Christopher Behrens and Antonios Armaou. Chemical Engineering, The Pennsylvania State University, University Park, PA 16802

Spatially distributed multiscale systems have been recently developed to describe transport-reaction processes for which phenomena occur across length scales that differ by several orders of magnitude. These descriptions can range from the smaller regimes (microscale, quantum and atomistic) to the intermediate (mesoscale) and larger (macroscale/continuum) ones. The level of detail required to accurately describe the dynamic behavior of the system at smaller length scales cannot be provided by solely using a description from larger length-scales. On the other hand, describing larger length-scale behavior using descriptions from smaller length-scale models would be infeasible due to the required computational overhead of this procedure. Motivated by the above, multiscale models, which combine larger and smaller-length scale models that are intimately connected, have been developed.

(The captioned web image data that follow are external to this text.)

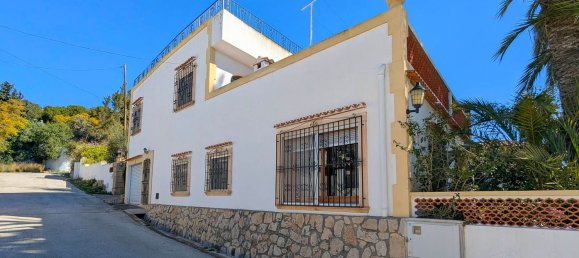 7 bedrooms House in Alicante, Spain No. 23786 47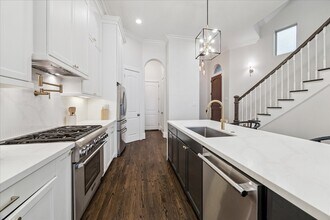 6114 Maxie St in Houston, TX - Building Photo - Building Photo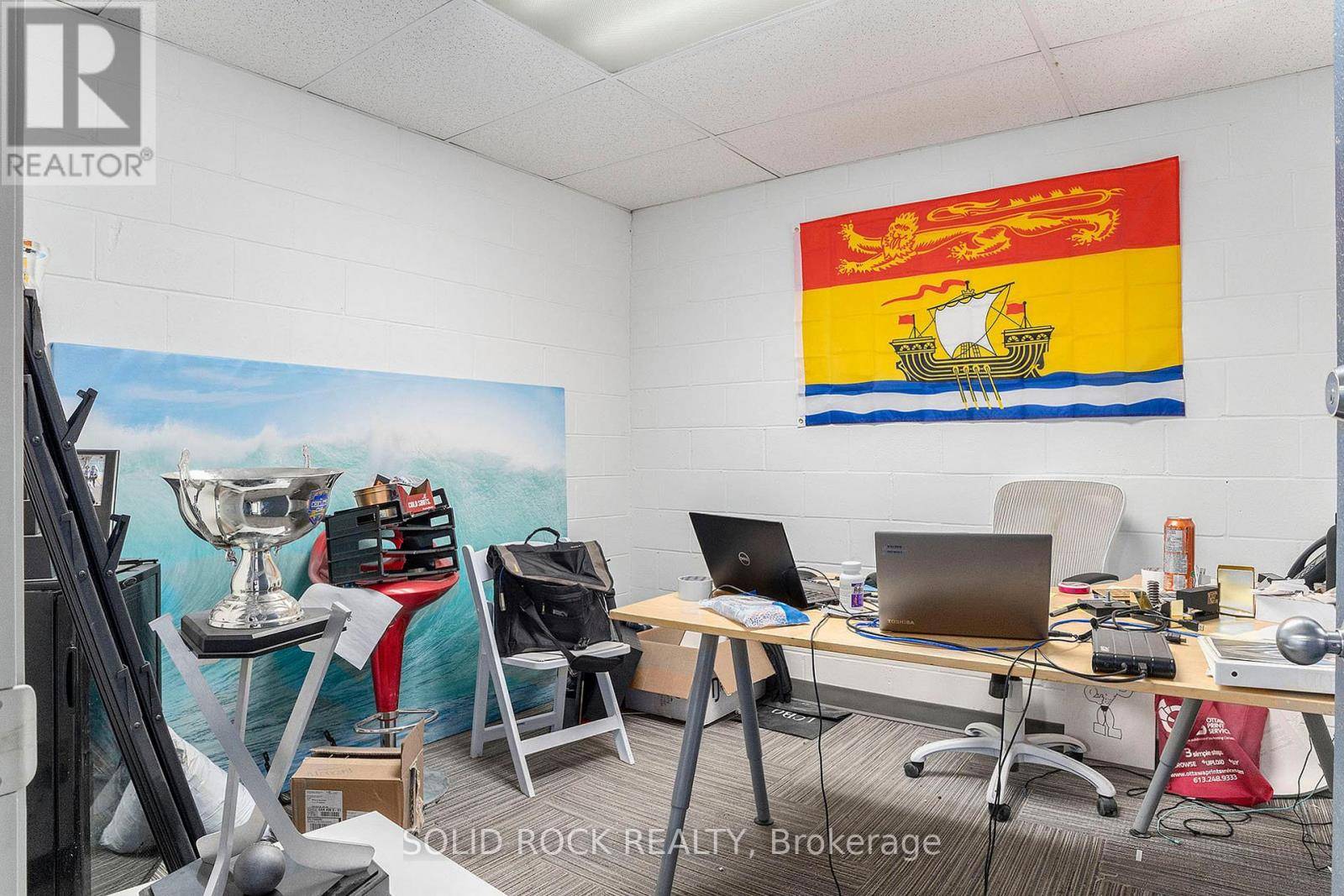 Ottawa, ON K1G4L4,855 Industrial AVE #9-11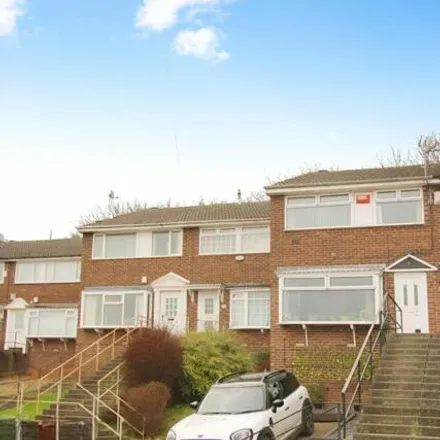 Rent this 3 bed house on Ramshead Crescent in Leeds, LS14 1PF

Such multiscale models could prove very useful in optimization, as continuous pressure on profit margins has resulted in the desire to improve efficiency in order to reduce costs. Multiscale optimization of such processes, however, is a problem with three levels of hierarchy in computation. In the lower hierarchy, potentially computationally intensive simulations may need to be performed to model the properties of interest at both smaller and larger length-scales. If bi-directional information (conditions at a larger length-scale affect the conditions at a smaller length-scale and vice-versa) is required, both these smaller and larger length-scale simulations must be performed iteratively at each process condition in order to achieve convergence of the multiscale description, which is the intermediate hierarchy. Finally, gradient information might not be available in closed form, necessitating the use of black-box optimization algorithms. Black-box optimization can require several function evaluations, which in this case is at the top of the hierarchy, and therefore all of these evaluations must include reevaluation of the process behavior for all length scales involved. With the need to perform numerous simulations, solving a multiscale optimization problem could quickly become intractable. Many different methods have been proposed to circumvent this computational intractability. One promising idea is to obtain the necessary information from linear interpolations whenever possible instead of using costly simulations. This is the basic idea behind in situ adaptive tabulation (ISAT). Initially used in solving combustion chemistry problems [1], ISAT has been subsequently extended to stochastic systems and combined with black-box optimization for maximizing uniformity and minimizing surface roughness in a gallium nitride thin-film [2]. Additionally, if lattice-based atomistic simulations are used, lattice reconstruction techniques based on the low-order properties of interest can be employed [3].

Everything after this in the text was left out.